Single by Indochine

from the album Paradize
- Language: French
- English title: "I Asked the Moon"
- B-side: "Punker", "Glory Hole"
- Released: March 2002
- Length: 3:29
- Label: Columbia
- Songwriter: Mickaël Furnon
- Producers: Oli de Sat, Phil Delire, Indochine

Indochine singles chronology
| "Punker" (2002) | "J'ai demandé à la lune" (2002) | "Mao Boy" (2002) |

Music video
- "J'ai demandé à la lune" on YouTube

= J'ai demandé à la lune =

2002 single by Indochine

"J'ai demandé à la lune" ("I Asked the Moon") is a song by the French new wave band Indochine, from their 2002 album Paradize. Written by Mickaël Furnon, the singer of Mickey 3D, the song was released as the second single from the album in March 2002 and quickly became a national success, topping the French Singles Chart and selling over 750,000 units in France alone.

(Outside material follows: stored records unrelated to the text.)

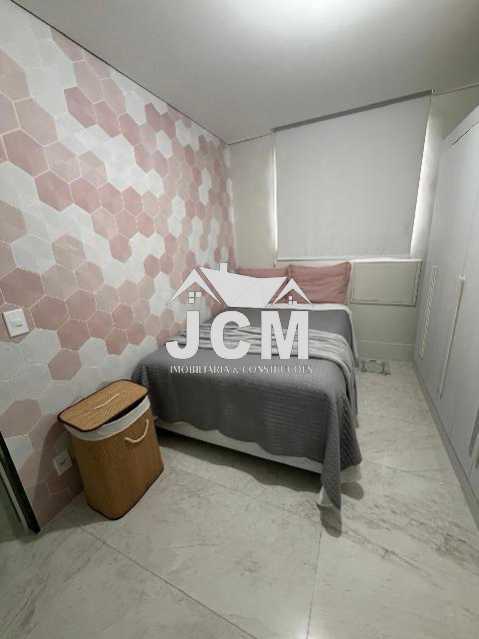 WhatsApp Image 2026-03-31 at 1 - 13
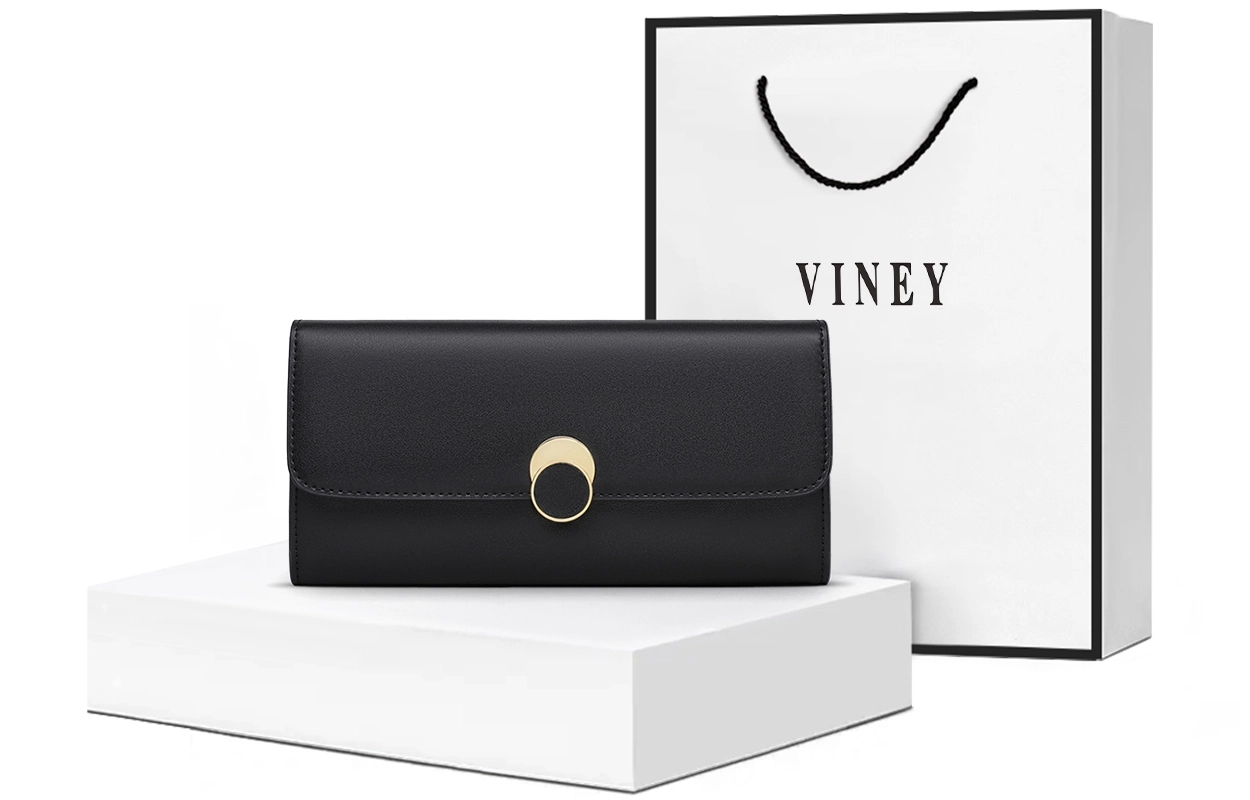 VINEY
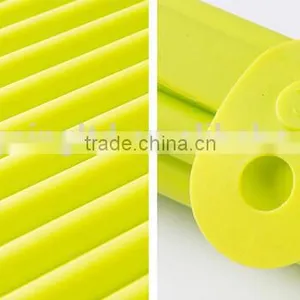 Good Quality Silicone Table Mat,placemat thumbnail-3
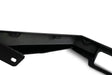 DV8 Offroad 21-22 Ford Bronco Factory Modular Front Bumper Bull Bar - Truck & Automotive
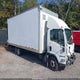 54DB4W1B6GS805589 2016 Isuzu Npr Gas Reg auction photo thumbnail 1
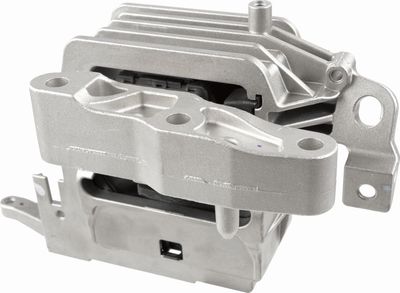 Mounting, engine LEMFÖRDER 42677 01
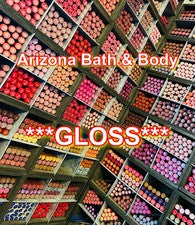 💟 **BRILLO** LipSense SeneGence NUEVO/SELLADO Auténtico *TODOS LOS COLORES EN STOCK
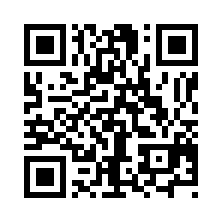 QR Code for 1Pi6jPNt7BV3D7HkTpyDwb6biy4dQb2fAd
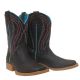 Ariat Children's Western Boots Chute Boss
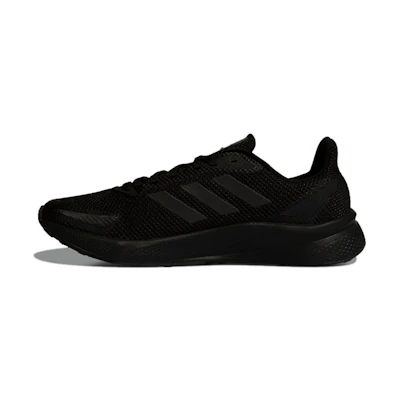(W) adidas X9000l1 'Black'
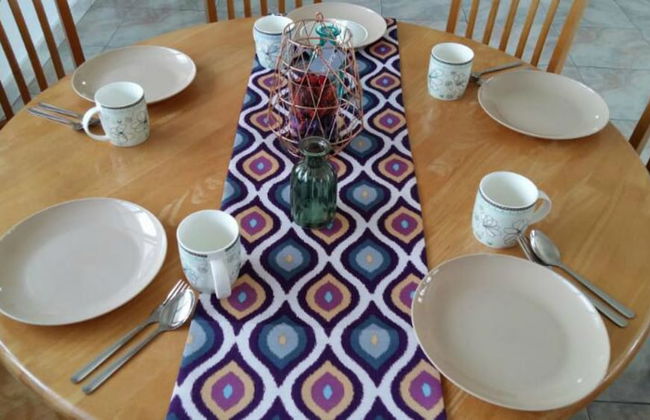 Harrington Court - Photo 16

==Background and music video==
During the recording of the album, Indochine's singer Nicola Sirkis asked Pauline, the eight-year-old daughter of his friend Rudy Léonet, to perform the background vocals. The music video shows Sirkis walking towards the camera with a baby, then a young child in his arms, and finally Pauline appears alongside him and sings a duet with Sirkis.

==Chart performance==
The song debuted on the French SNEP Singles Chart at number 14 on 13 April 2002 and reached number one for one week on 20 July. The single remained in the top 10 for 20 weeks, in the top 50 for 27 weeks, and on the chart for 31 weeks. It achieved diamond status on 6 November 2002 and was the fifth best-selling single of the year. As of August 2014, the song was the 25th-best-selling single of the 21st century in France.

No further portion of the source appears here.